As I mentioned in my earlier post, there is a special blessing available to those who pass through a holy door during the Jubilee Year under certain conditions. This blessing is called a plenary indulgence; in colloquial terms, it takes away all the time that one would otherwise spend in Purgatory. In order to obtain this plenary indulgence, one must on the same day pass through the holy door, go to confession, receive communion, and pray for the intentions of the Pope. This blessing can be obtained either for oneself or for someone else.

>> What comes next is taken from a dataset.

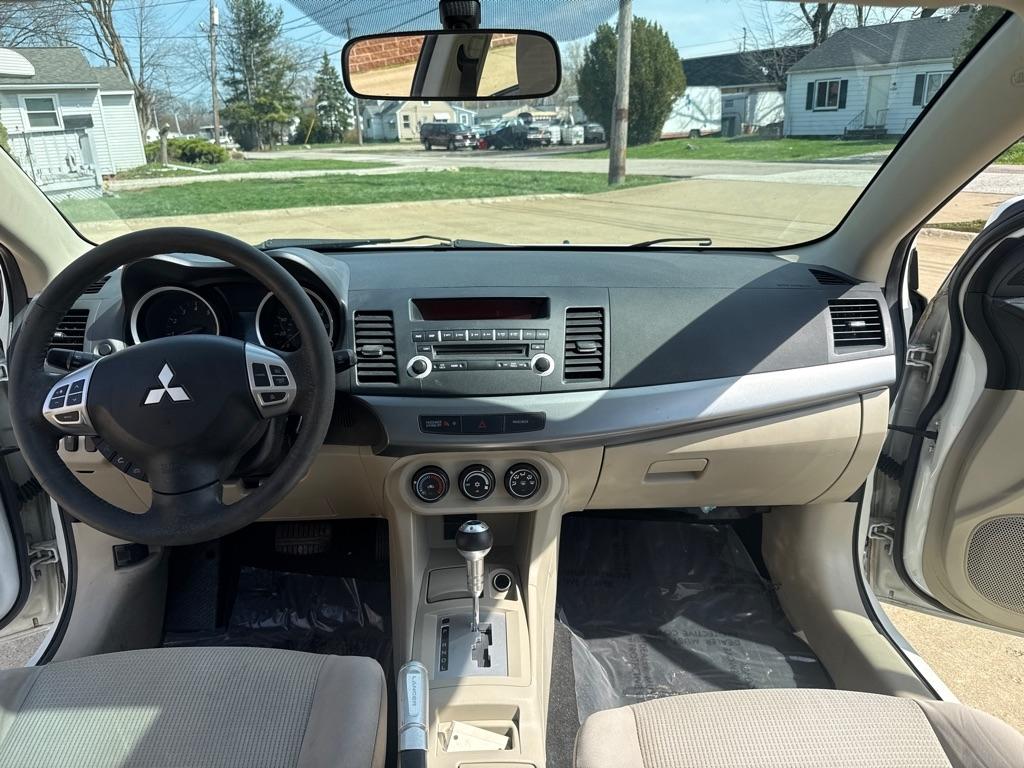 Mitsubishi Lancer ES 2011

My initial exposure to the concept of indulgences was in the context of learning about the Protestant Reformation. One of the things that justifiably outraged Martin Luther was that indulgences were being sold in order to raise money to rebuild St. Peter’s Basilica. So I was quite taken aback when I first encountered indulgences in contemporary use! I hadn’t realized it was only the sale of indulgences that had been reprobated by the Council of Trent, as part of what is traditionally called the Counter-Reformation but is arguably more aptly called the Catholic Reformation: basically, this was a period during which the Catholic church enacted a number of reforms in response to many of the critiques made by the Protestant Reformers.
I like to use the practice of selling indulgences as an example of what occasionally happens when you take several well-grounded but distinct teachings or traditions, and follow them out to their logical conclusions.
The following are all, independently, uncontroversial Catholic teaching:
– prayers can be offered for specific intentions and on behalf of other people
– one can pray for the souls of the dead
– giving money can be an act of prayer
– we routinely receive God’s grace through the church
It’s only when these are combined that one reaches the logical but repugnant conclusion that it is possible to buy people out of Purgatory, which contradicts another well-grounded teaching that God’s gifts cannot be purchased.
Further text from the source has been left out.